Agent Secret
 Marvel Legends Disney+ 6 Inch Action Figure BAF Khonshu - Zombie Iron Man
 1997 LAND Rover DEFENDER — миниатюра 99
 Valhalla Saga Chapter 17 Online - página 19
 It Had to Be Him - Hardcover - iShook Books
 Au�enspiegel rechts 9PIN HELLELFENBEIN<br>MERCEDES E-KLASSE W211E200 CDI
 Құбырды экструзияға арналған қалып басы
▬▬▬
What to do: Every entry in the data should be returned exactly.

Exercise result:
Agent Secret
 Marvel Legends Disney+ 6 Inch Action Figure BAF Khonshu - Zombie Iron Man
 1997 LAND Rover DEFENDER — миниатюра 99
 Valhalla Saga Chapter 17 Online - página 19
 It Had to Be Him - Hardcover - iShook Books
 Au�enspiegel rechts 9PIN HELLELFENBEIN<br>MERCEDES E-KLASSE W211E200 CDI
 Құбырды экструзияға арналған қалып басы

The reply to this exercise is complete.